If something goes wrong check
dmesg  and logs. Common failures are typos of the id or a module was not loaded.
The following is not a full qemu start script. It shows the important options only!
I like to use a variable to group options. The
$GPU  variable contains the options I use. Add the following (or similar) to the qemu start script:
GPU="-device vfio-pci,host=01:00.0,multifunction=on,x-vga=on -vga none" qemu-system-x86_64 -cpu host,kvm=off ... $GPU ... -cdrom <bootable-cd-image>
-cdrom  option is for an initial test. After connecting the output of the second VGA card (here: GT630) with a monitor (screen) the VM can be started for a initial test. It could take a few seconds but the second screen should show something. Otherwise check out the above careful again. To stop the VM simply kill it at the host system.
As maybe realized (or maybe not) there was no keyboard/mouse available during the initial test, because this depends on the emulated qemu VGA driver. Thus we have to bind a keyboard/mouse to the VM through the device id. Assuming USB use
$ lsusb Bus 002 Device 001: ID 1d6b:0003 Linux Foundation 3.0 root hub Bus 001 Device 003: ID 10d5:000d Uni Class Technology Co., Ltd Bus 001 Device 002: ID 046d:c330 Logitech, Inc. Bus 001 Device 127: ID 046d:c52b Logitech, Inc. Unifying Receiver Bus 001 Device 126: ID 05e3:0608 Genesys Logic, Inc. Hub Bus 001 Device 001: ID 1d6b:0002 Linux Foundation 2.0 root hub
In the output above is the keyboard the device in line 3, the mouse device is line 4. Add the id to the qemu start script like (example: keyboard only):
KBD="-usb -usbdevice host:046d:c330" qemu-system-x86_64 -cpu host,kvm=off ... $GPU $KBD... -cdrom <bootable-cd-image>
Again, this is just an example. The mouse could be bound similar with its own id. However,
I don't use this technique, because the USB device is not available at the host anymore as long the VM is up and running!
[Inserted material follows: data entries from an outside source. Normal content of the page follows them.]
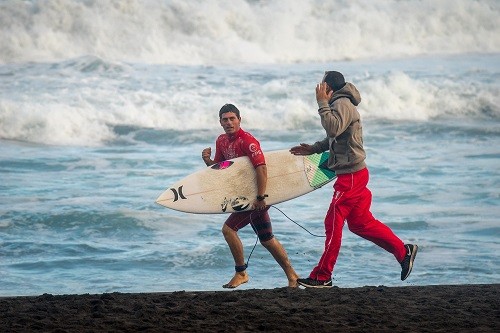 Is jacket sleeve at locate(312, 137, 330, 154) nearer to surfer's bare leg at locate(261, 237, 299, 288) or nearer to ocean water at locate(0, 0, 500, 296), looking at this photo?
surfer's bare leg at locate(261, 237, 299, 288)

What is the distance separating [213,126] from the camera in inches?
929

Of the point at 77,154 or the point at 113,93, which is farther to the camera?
the point at 113,93

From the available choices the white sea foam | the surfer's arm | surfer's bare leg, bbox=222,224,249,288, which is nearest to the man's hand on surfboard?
the surfer's arm

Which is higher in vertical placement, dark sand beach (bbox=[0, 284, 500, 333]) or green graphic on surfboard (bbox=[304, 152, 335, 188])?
green graphic on surfboard (bbox=[304, 152, 335, 188])

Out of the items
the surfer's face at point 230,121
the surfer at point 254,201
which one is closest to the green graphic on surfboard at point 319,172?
the surfer at point 254,201

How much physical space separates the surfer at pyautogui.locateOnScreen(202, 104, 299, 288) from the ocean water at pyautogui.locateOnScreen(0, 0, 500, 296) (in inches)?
50.7

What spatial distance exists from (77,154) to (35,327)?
1313 centimetres

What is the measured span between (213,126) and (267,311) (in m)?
Result: 17.2

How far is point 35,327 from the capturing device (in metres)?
6.12

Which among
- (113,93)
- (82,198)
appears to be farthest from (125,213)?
(113,93)

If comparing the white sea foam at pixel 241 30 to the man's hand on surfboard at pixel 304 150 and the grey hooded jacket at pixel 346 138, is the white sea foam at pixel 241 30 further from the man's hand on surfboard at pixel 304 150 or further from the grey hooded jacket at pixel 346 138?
the grey hooded jacket at pixel 346 138

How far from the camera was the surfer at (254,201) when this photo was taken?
771 centimetres

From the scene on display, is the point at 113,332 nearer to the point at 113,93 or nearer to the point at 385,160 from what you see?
the point at 385,160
But it is good enough for testing purposes. If you bind the keyboard and/or the mouse it is a good idea to have a second one available.
The above shows how to use some PCI hardware from the qemu host inside a VM exclusive. Using the VGA card is just an example, but it is not limited to. Other PCI devices can be separated this way as well.